Lkw-Unfälle trotz modernster Technik Trügerische Sicherheit

Sachsen / Wilsdruff: Am 06.03.2020 kam es gegen 11.15 Uhr der BAB 4, zwischen der AS Wilsdruff und dem AD Dresden-West zu einem Verkehrsunfall. In Höhe der Raststätte „Dresdner Tor“ war ein polnischer Sattelzug Scania auf einen vorausfahrenden Sattelzug Volvo aufgefahren. Der polnische versuchte noch mit seinem, mit Keksen beladenen LKW auszuweichen, prallte aber mit der Fahrerseite auf den Auflieger des Unfallgegners. Der LKW-Fahrer wurde bei dem Aufprall verletzt. Jedoch konnte er sich aus dem total zerstörten Fahrerhaus selbständig befreien. Der Trucker wurde ins Krankenhaus eingeliefert. Der Rettungshubschrauber „Christoph 38“ brachte den Notarzt an die Unfallstelle. Die Feuerwehr nahm die ausgetretenen Betriebsstoffe auf und pumpte den Diesel aus dem LKW ab. Im Einsatz waren die Freiwilligen Feuerwehren Wilsdruff, Grumbach, Kesselsdorf, Kaufbach, Klipphausen, Hühndorf und Sora.  Die Autobahn war in Richtung Dresden zeitweise gesperrt. Später wurde der Verkehr an der Unfallstelle vorbeigeleitet. Es bildete sich ein über 10 Kilometer langer Stau. Die Polizei ermittelt zur Unfallursache. Foto: Roland Halkasch 7 Bilder

Es gibt mittlerweile immer mehr Lkw mit modernen Notbremsassistenten auf deutschen Autobahnen. Trotzdem steigt dort die Zahl der Auffahrunfälle mit verletzten und toten Lkw-Fahrern. Liegt es an der Technik, die noch nicht ausgereift ist, oder an den Fahrern, die mit der Technik nicht umgehen können?

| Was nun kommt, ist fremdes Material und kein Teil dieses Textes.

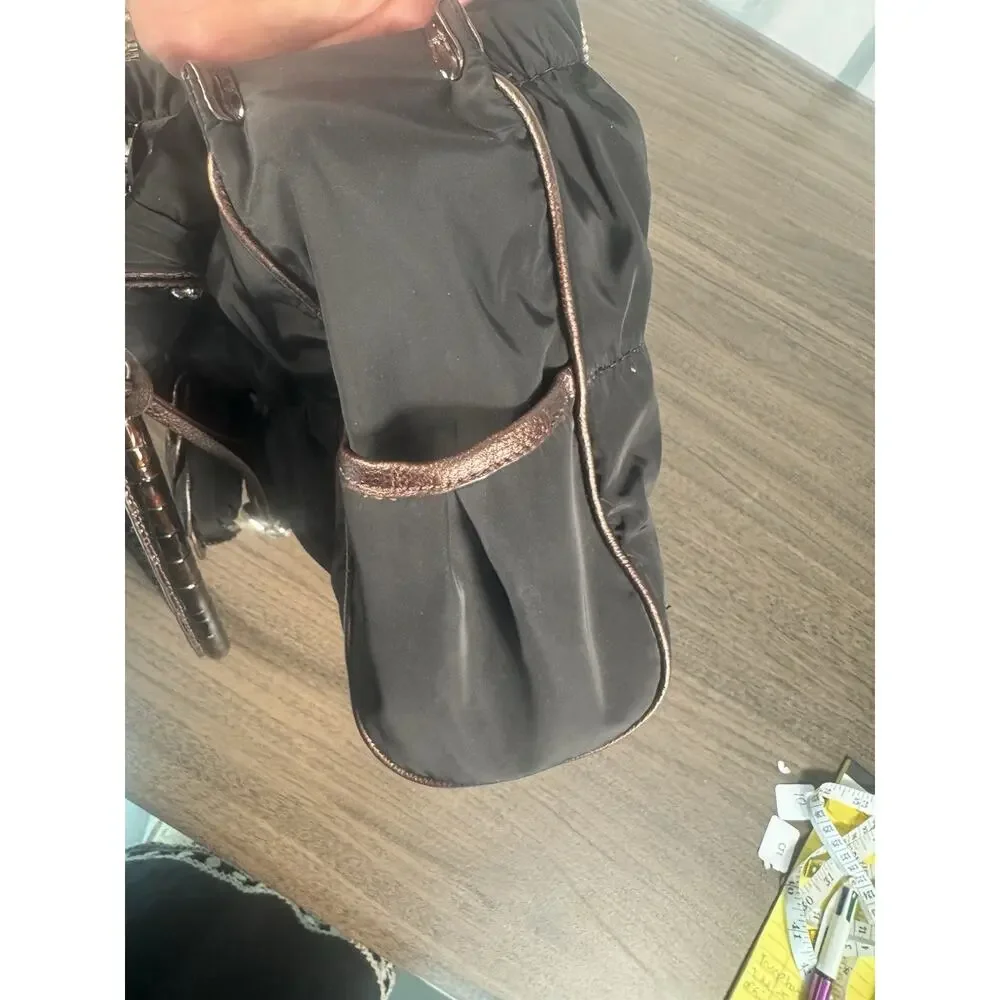 BRIGHTON‎ Purse Camille Black Nylon Ruched Shoulder Bag w/Rosette & Snakeskin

Bundesverkehrsminister Andreas Scheuer (CSU) sitzt auf der Beifahrerseite eines Lkw und schaut strahlend gut gelaunt aus dem geöffneten Seitenfenster. Das Bild musste schon einmal als Werbung für den Abbiegeassistenten herhalten, der Rechtsabbiegeunfälle vermeiden soll und, auch auf Druck des Allgemeinen Deutschen Fahrradclubs, staatlich gefördert wird. Nun steht das gleich Bild auf der Homepage seines Ministeriums und dort über einer Meldung zu einer aktuelle Studie der Bundesanstalt für Straßenwesen (BASt), einer Behörde des BMVI: „Wir werden das Abschalten von Lkw-Notbremsassistenten verbieten – für mehr Verkehrssicherheit.“

„Kein Fahrer fährt freiwillig in ein Stauende“

Dieses nur für Deutschland geplante Verbot ist allerdings eher ein Ausdruck der Hilflosigkeit über mittlerweile erschreckende Zustände, die sich abseits des großstädtischen Interesses auf den Autobahnen abspielen. 2019 gab es dort nur nach den Onlinemeldungen der lokalen Medien 488 Auffahrunfälle mit Lkw – fast ausschließlich am Stauende. Es krachte also mehr als einmal am Tag, deutlich häufiger als in den Vorjahren. In 454 Fällen fuhren Lkw ineinander, 45 Fahrer starben. In 34 Fällen waren Pkw betroffen, dabei starben 8 Insassen.

Bis Mitte Juni 2020 waren es mehr als 200 Unfälle, 27 Fahrer starben, weil sie entweder in das Heck eines anderen Lkw geprallt waren oder in ein anderes stehendes Hindernis. Ein Ende ist nicht in Sicht. Und das, obwohl immer mehr Lkw heute mit modernen Notbremsassistenten ausgestattet sind. Dr. Erwin Petersen von der Landesverkehrswacht Niedersachsen hat sie sogar auf mehr als 70 Prozent aller Lkw auf deutschen Autobahnen hochgerechnet, denn spätestens seit November 2015 darf europaweit kein Lkw über acht Tonnen ohne diesen technischen Lebensretter auf die Straße. Das passt also einfach nicht zusammen.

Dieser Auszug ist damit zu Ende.